The square in front of Al-Masjid An-Nabawi is called Medina Haram Piazza. In 2010 a total of 250 shading umbrellas were placed on the square at an eye watering cost of 4,7 billion riyals. I was allowed to walk as far as the green gate. The umbrellas are impressive.

The eastern part of Medina is one big construction site. All night dump trucks were passing my hotel. Apparently new high rise hotels will be build, connected to the airport by a new shuttle railway. Everything in the name of progress. It is clear that Medina is not on the UNESCO World Heritage list.

Artist’s impression of the future of Medina.

My hotel in Medina.

 

For lunch I had a vegetable stew which was quite similar to a Moroccan tagine and a porridge made of possibly oat. A small cup of tomato salsa was served along with my meal. This salsa is usually served with biryani or mandi rice. The recipe is easy. Simply put the following raw ingredients in a food processor: 4 medium size tomatoes, 1 medium size onion, 4-5 green chillies, 1 cup fresh coriander leaves, 3-4 garlic cloves, 1 tbsp lemon juice, 1 tsp roasted cumin seeds, 1/4 tsp black pepper, 1/2 tsp salt.

In the afternoon I sheltered in my hotel room. The temperatures were really too hot to walk the streets. The lowest temperatures at night time were 30 degrees Celsius, so the nights were very pleasant.

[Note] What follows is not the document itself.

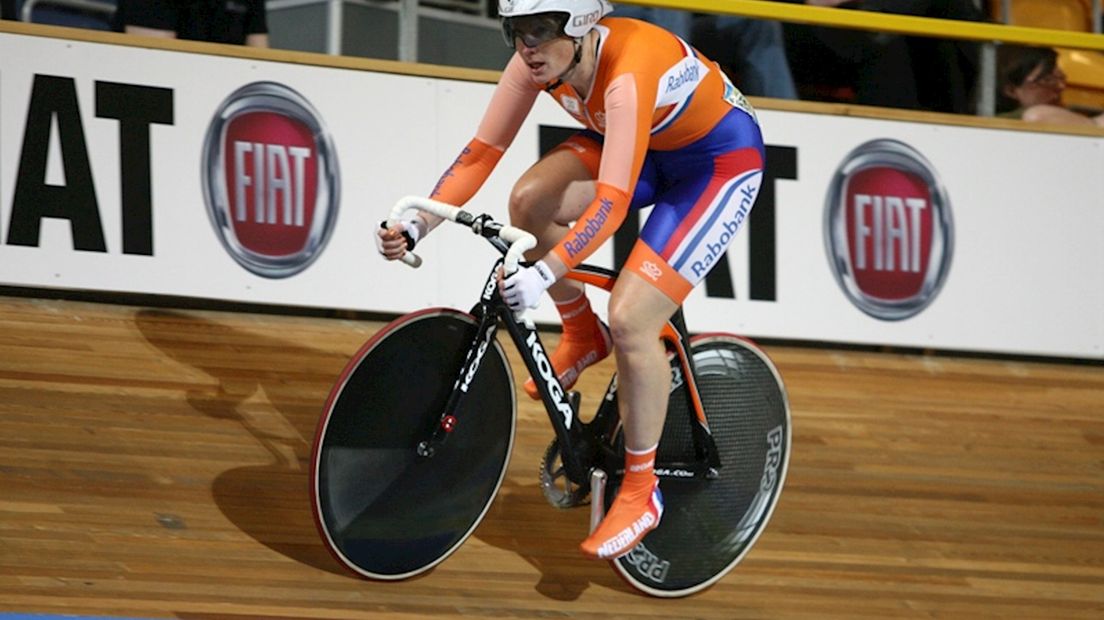 Kirsten Wild op omnium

My flight was for 5 am the next day, which meant I had to be at the airport in Medina at roughly 3 am. I tried to get a rest in my room before I had to take a midnight taxi to the airport. All I could hear were the dump trucks hobbling through the dusty road towards the construction site.

I already own a red checkered and white ghutrah (غُترَة) I bought in Jordan in the 1990s. On this trip I bought three extra. I would love to wear these in summer but the keffiyeh is so politicised at the moment people in Europe will not realise I am wearing Qatari or Saudi headdress.

I wandered into a migrant workers’ neighbourhood and had vegetarian Indian food for dinner: a chana dal I make myself in Amsterdam often and a mixed vegetable dish.

I had a connecting flight from Jeddah to Amsterdam. The Saudi Dreamliner was painted in NEOM livery. The NEOM project is a whole different story and one of world’s more crazier development projects. Criticising the project is one of the reasons MBS had Saudi journalist Jamal Khashoggi killed in Turkey.